Red; 7. Apr 2017, 08:07 Uhr
Nümbrecht - Literaturkurs des Homburgischen Gymnasiums mit einer Interpretation von Kafkas „Der Prozess“, die unter die Haut ging.
In diesem Schuljahr erarbeiteten 19 Schüler des Q2-Literaturkurses des Homburgischen Gymnasiums unter der Leitung ihrer Lehrerin Katrin Rottländer und der Opernsängerin, Gesangpädagogin und Schauspieldozentin Karin Sander ihre eigene Interpretation des Romanklassikers „Der Prozess“ von Franz Kafka.  Der aus zehn Kapiteln bestehende Roman wurde in Gruppenarbeit auf eine moderne Art und Weise umgeschrieben und dadurch neu interpretiert. Insgesamt fünf Gruppen entwickelten dabei eigene Szenen, die größtenteils als Theateraufführung, aber auch als selbst gedrehter Film oder Fotoroman präsentiert wurden.

Das Original von Kafka handelt von dem Bankprokuristen Josef K., der am Morgen seines 30. Geburtstages verhaftet wird und nie den Grund für seine Verhaftung und den folgenden Prozess erfährt. Er versucht vergeblich, sich dagegen zu wehren, schafft es jedoch nicht, gegen das scheinbar nicht greifbare Gericht vorzugehen.
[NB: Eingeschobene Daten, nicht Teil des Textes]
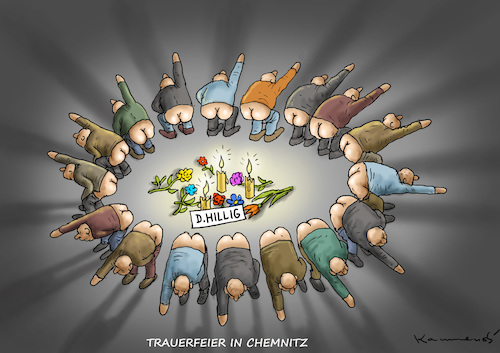 Cartoon: TRAUERFEIER IN CHEMNITZ (medium) by marian kamensky tagged chemnitz,lynchjustiz,rchtsradikale,proteste,sachsen,daniel,hillig,chemnitz,lynchjustiz,rchtsradikale,proteste,sachsen,daniel,hillig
Am Ende wird K. von zwei Herrn abgeführt und erschossen.

Zu Beginn der Aufführungen in der Aula richteten zwei Schüler aus der Q2 einige einleitende Worte an das Publikum. So wurde vorweg erklärt, dass der Protagonist Josef K. durch mehrere Darsteller, sowohl Schülerinnen als auch Schüler dargestellt werde, gekennzeichnet durch ein rotes T-Shirt mit einem roten K auf der Brust und insgesamt zehn kleine Handlungen zu sehen seien. Da die Schüler die ursprünglichen Kapitel in fünf Gruppen unter sich aufteilten und umschrieben, ohne die Herangehensweise der anderen Gruppen zu kennen, ergaben sich bewusst und für den Zuschauer möglicherweise überraschend, kleine und in sich abgeschlossene Handlungen.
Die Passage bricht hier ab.